** WORK ITEM **
A word-for-word restatement of the data is what is needed.

** MATERIAL PROVIDED **
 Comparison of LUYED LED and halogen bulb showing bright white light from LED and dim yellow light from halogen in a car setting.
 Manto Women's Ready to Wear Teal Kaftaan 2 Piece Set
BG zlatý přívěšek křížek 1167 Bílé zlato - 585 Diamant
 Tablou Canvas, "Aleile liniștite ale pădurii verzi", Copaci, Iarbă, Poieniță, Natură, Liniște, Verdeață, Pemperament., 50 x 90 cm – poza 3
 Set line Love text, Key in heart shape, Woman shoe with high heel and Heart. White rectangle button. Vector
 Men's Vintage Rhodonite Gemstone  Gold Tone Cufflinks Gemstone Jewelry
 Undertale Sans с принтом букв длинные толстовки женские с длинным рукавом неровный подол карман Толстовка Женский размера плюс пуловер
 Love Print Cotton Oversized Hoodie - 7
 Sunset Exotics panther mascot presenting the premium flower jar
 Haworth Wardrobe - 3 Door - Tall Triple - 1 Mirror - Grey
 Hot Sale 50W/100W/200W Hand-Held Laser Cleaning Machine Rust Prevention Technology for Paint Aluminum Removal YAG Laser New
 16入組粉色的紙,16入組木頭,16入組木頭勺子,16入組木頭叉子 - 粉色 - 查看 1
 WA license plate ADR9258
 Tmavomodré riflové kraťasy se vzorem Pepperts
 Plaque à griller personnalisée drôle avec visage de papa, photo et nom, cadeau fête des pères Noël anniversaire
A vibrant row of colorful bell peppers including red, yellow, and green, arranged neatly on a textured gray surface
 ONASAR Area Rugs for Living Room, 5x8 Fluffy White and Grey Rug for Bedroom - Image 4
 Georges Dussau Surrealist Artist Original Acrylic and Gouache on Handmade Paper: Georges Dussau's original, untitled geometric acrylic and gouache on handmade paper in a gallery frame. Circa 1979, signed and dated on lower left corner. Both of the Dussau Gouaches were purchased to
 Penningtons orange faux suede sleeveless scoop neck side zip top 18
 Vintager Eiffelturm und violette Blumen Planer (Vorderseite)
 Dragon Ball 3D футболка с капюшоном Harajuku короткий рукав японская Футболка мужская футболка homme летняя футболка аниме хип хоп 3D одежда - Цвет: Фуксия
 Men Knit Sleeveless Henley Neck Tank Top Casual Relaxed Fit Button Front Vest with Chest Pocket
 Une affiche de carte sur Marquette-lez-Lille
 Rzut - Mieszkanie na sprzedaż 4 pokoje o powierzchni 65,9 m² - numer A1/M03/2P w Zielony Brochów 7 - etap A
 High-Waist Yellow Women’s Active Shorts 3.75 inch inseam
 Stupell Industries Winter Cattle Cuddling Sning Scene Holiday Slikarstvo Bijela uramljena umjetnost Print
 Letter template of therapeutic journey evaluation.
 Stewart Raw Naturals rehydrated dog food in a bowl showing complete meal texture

** RESULT FOR THIS TASK **
 Comparison of LUYED LED and halogen bulb showing bright white light from LED and dim yellow light from halogen in a car setting.
 Manto Women's Ready to Wear Teal Kaftaan 2 Piece Set
BG zlatý přívěšek křížek 1167 Bílé zlato - 585 Diamant
 Tablou Canvas, "Aleile liniștite ale pădurii verzi", Copaci, Iarbă, Poieniță, Natură, Liniște, Verdeață, Pemperament., 50 x 90 cm – poza 3
 Set line Love text, Key in heart shape, Woman shoe with high heel and Heart. White rectangle button. Vector
 Men's Vintage Rhodonite Gemstone  Gold Tone Cufflinks Gemstone Jewelry
 Undertale Sans с принтом букв длинные толстовки женские с длинным рукавом неровный подол карман Толстовка Женский размера плюс пуловер
 Love Print Cotton Oversized Hoodie - 7
 Sunset Exotics panther mascot presenting the premium flower jar
 Haworth Wardrobe - 3 Door - Tall Triple - 1 Mirror - Grey
 Hot Sale 50W/100W/200W Hand-Held Laser Cleaning Machine Rust Prevention Technology for Paint Aluminum Removal YAG Laser New
 16入組粉色的紙,16入組木頭,16入組木頭勺子,16入組木頭叉子 - 粉色 - 查看 1
 WA license plate ADR9258
 Tmavomodré riflové kraťasy se vzorem Pepperts
 Plaque à griller personnalisée drôle avec visage de papa, photo et nom, cadeau fête des pères Noël anniversaire
A vibrant row of colorful bell peppers including red, yellow, and green, arranged neatly on a textured gray surface
 ONASAR Area Rugs for Living Room, 5x8 Fluffy White and Grey Rug for Bedroom - Image 4
 Georges Dussau Surrealist Artist Original Acrylic and Gouache on Handmade Paper: Georges Dussau's original, untitled geometric acrylic and gouache on handmade paper in a gallery frame. Circa 1979, signed and dated on lower left corner. Both of the Dussau Gouaches were purchased to
 Penningtons orange faux suede sleeveless scoop neck side zip top 18
 Vintager Eiffelturm und violette Blumen Planer (Vorderseite)
 Dragon Ball 3D футболка с капюшоном Harajuku короткий рукав японская Футболка мужская футболка homme летняя футболка аниме хип хоп 3D одежда - Цвет: Фуксия
 Men Knit Sleeveless Henley Neck Tank Top Casual Relaxed Fit Button Front Vest with Chest Pocket
 Une affiche de carte sur Marquette-lez-Lille
 Rzut - Mieszkanie na sprzedaż 4 pokoje o powierzchni 65,9 m² - numer A1/M03/2P w Zielony Brochów 7 - etap A
 High-Waist Yellow Women’s Active Shorts 3.75 inch inseam
 Stupell Industries Winter Cattle Cuddling Sning Scene Holiday Slikarstvo Bijela uramljena umjetnost Print
 Letter template of therapeutic journey evaluation.
 Stewart Raw Naturals rehydrated dog food in a bowl showing complete meal texture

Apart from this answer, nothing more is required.